Recent equity market volatility is being partially attributed to potential Fed tightening, as the Fed has signaled a shift from an accommodative monetary policy stance to one that is more restrictive. It is doing so in response to the recent hot inflation reads and a rebound in inflation expectations. In general, equities are considered a hedge against inflation. Why, then, are equity investors so concerned? The reason is that not all equity sectors are created alike. Specifically, some can combat inflation and subsequent interest rate increases better than others.
Are Equities a Hedge Against Inflation?
When inflation is low and rising, as is generally the case during the start of an economic cycle, it is good for equities. It’s the part of the cycle where an economy is emerging from a recession, economic activity is lifting, consumer demand is picking up, profit margins are rising, and loan growth is gathering steam. This backdrop is generally the most ideal for equities.
As the chart below shows, it leads to stock price gains that beat inflation 9 times out of 10. This is where we were in the second half of 2020 and for most of 2021. U.S. equity gains were strong during this period—outpacing inflation by a wide margin.
If the economy overheats, demand exceeds supply leading to much higher inflation. And if this feeds into higher inflation expectations and interest rates? Things can start to unravel for equity investors. High and rising inflation dents consumer sentiment. Consumers worry that their dollar will not go as far, and they start cutting back on spending. The costs of inputs, labor, and capital rise for companies, but they can no longer pass on these higher costs to consumers. Corporate margins are then compressed, and lower future cash flows get discounted back to the present at higher discount rates, leading to lower stock prices. The market expects that our economy is heading this way, and it’s what is scaring investors.
Not All Sectors Are Created Alike
It is true that high and rising inflation can be a headwind for equities. But some sectors are better at combating inflation than others.

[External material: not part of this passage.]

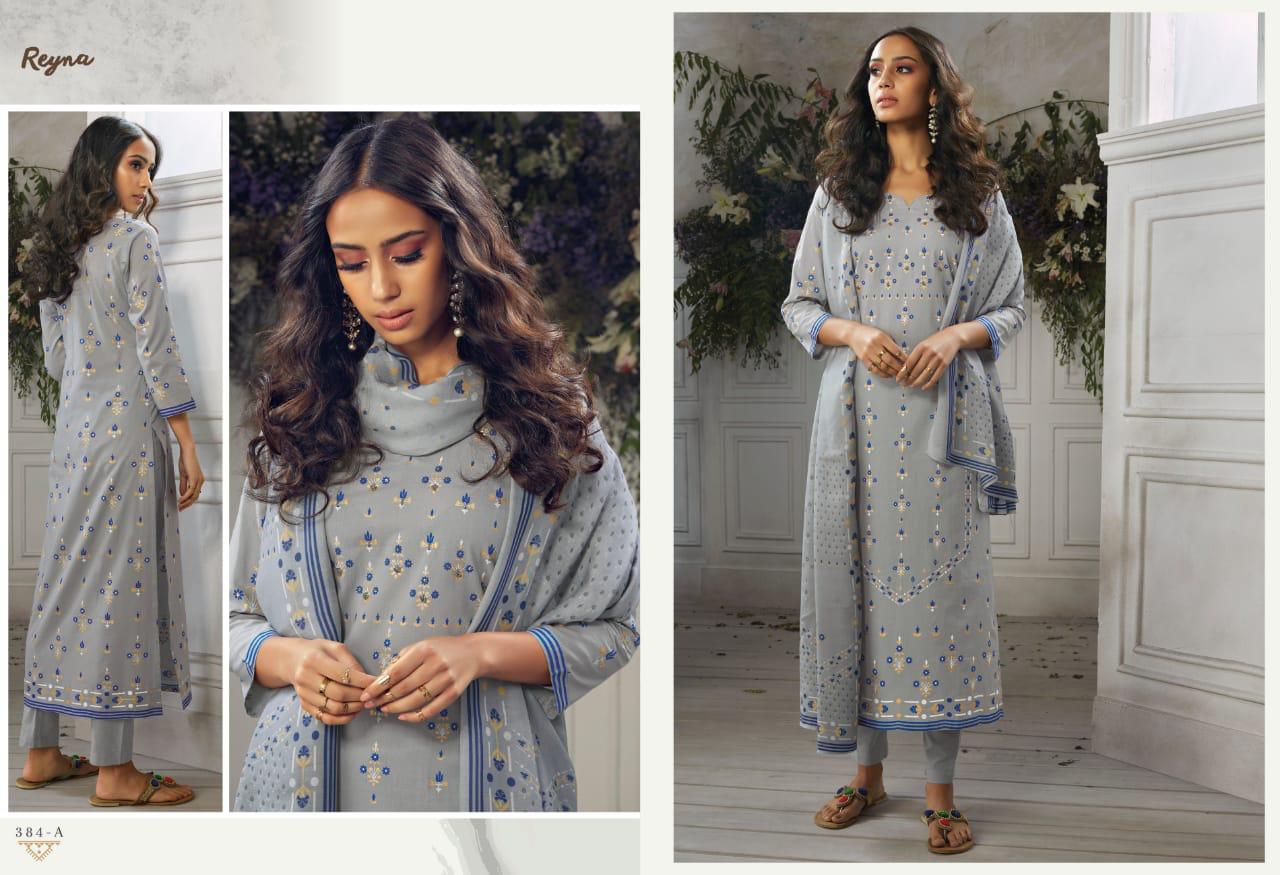Amona By Reyna 381-a To 384-b Series Beautiful Stylish Colorful Fancy Party Wear & Ethnic Wear Lawn Cotton Print With Khadi And Hand Work Dresses At Wholesale Price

Sectors that do well during higher inflationary regimes are ones that can mitigate rising input costs by passing on the higher prices to consumers. The energy sector stands out in this category. This makes sense, as the profitability of energy companies is tied to the price of oil, and higher oil prices get passed on to consumers. If monetary policy is tightened to manage higher inflation, it could benefit financials as they are positively correlated to interest rates. Consumer staples also tend to hold their own during an inflationary regime as demand for staples generally tends to be inelastic.
Sectors such as technology and consumer discretionary, on the other hand, tend to perform poorly when inflation remains stubbornly elevated. Many technology companies have high growth potential but low current earnings and cash flows. When the cash flows that might be generated in the distant future get discounted back to the present value at a higher discount rate, it leads to lower current intrinsic value of the companies’ stocks. When inflation takes a bite out of the consumer’s pocket, the first expenses to be cut are the discretionary ones, the ones that are dispensable. This dings the revenues and earnings of consumer discretionary companies and pressures their stock prices.
Has Inflation Peaked?
Many of the underlying components of the recent spike in inflation are transitory and may mean revert. Also, plain mathematics suggests that once the jump in activity and prices from the pandemic restart are fully captured, and we enter a more normal economic environment, base effects would cause a moderation in the hot inflation reads. But, as we have started to appreciate in this economic cycle, several sticky components of inflation have also risen (e.g., wages and housing prices).
Historically, inflation that is high but may decelerate to above-average rates has benefited value stocks more than growth stocks. We have already started to see this in the sector rotation. Year-to-date, energy and financials are outperforming, while the interest rate-sensitive sectors like technology, communication services, and real estate are down by a wide margin.
Value Having Its Day in the Sun
Outside brief windows of outperformance, value stocks have been out of favor for a very long time. They are finally having their day in the sun, and this might last a little longer this time as higher inflation and interest rates may persist. This situation, combined with more attractive valuation, may keep momentum strong for these sectors.
Thus, it is important to understand that high inflation and interest rates can be headwinds for equity investors. But some sectors are better positioned for these factors and may outperform while inflation, inflation expectations, and rising interest rates are in play.